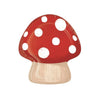 Creative Converting - Assiettes En Carton En Forme De Champignon (8) - Gnome - Party Shop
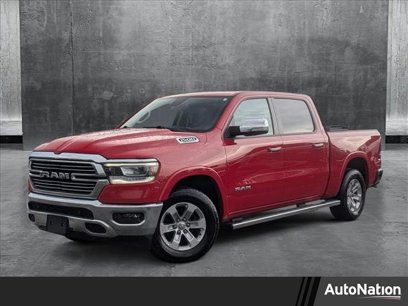 Used 2020 RAM 1500 Laramie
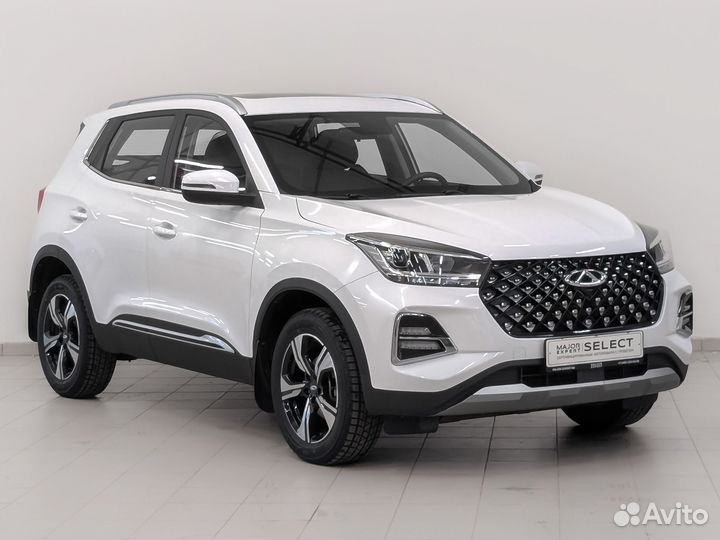 Chery Tiggo 4 Pro 1.5 CVT, 2023, 18 822 км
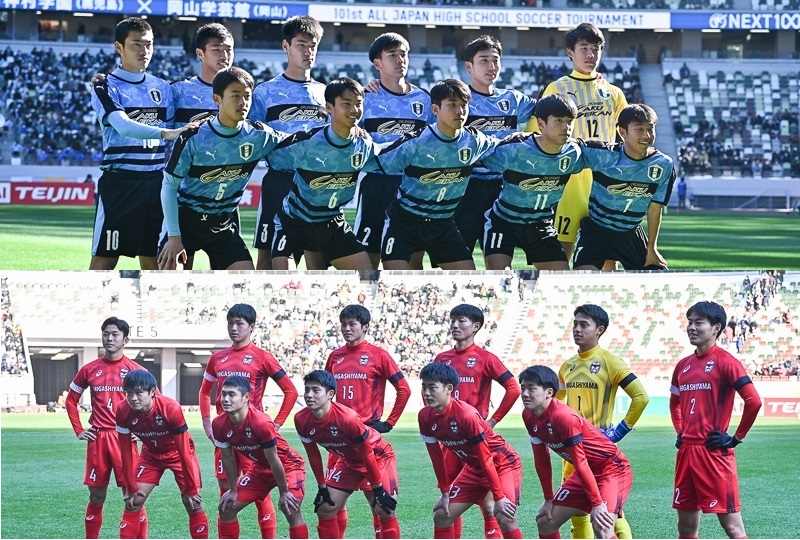 勝てばどちらも初優勝　似た傾向持つ岡山学芸館と東山、「NEXT100」の選手権を制するのは？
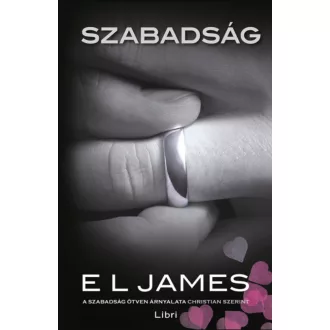   Szabadság - A szabadság ötven árnyalata Christian szerint - E. L. James
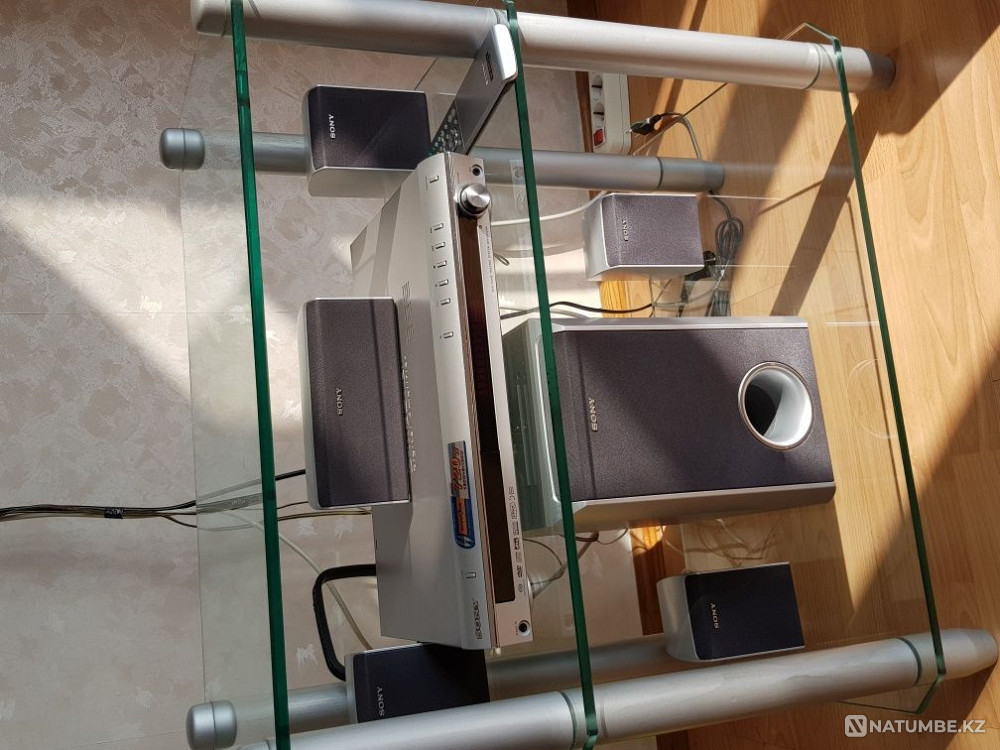 Selling DVD player karaoke Almaty - photo 1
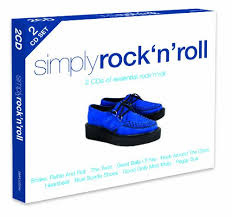 Various Artists - Simply Rock 'N' Roll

--- Work to be completed ---
Would you transcribe, exactly and only, the lines from the one that contains "Szabadság - A" through the last line of the data above, without any pictures?

--- Written response ---
   Szabadság - A szabadság ötven árnyalata Christian szerint - E. L. James
 Selling DVD player karaoke Almaty - photo 1
 Various Artists - Simply Rock 'N' Roll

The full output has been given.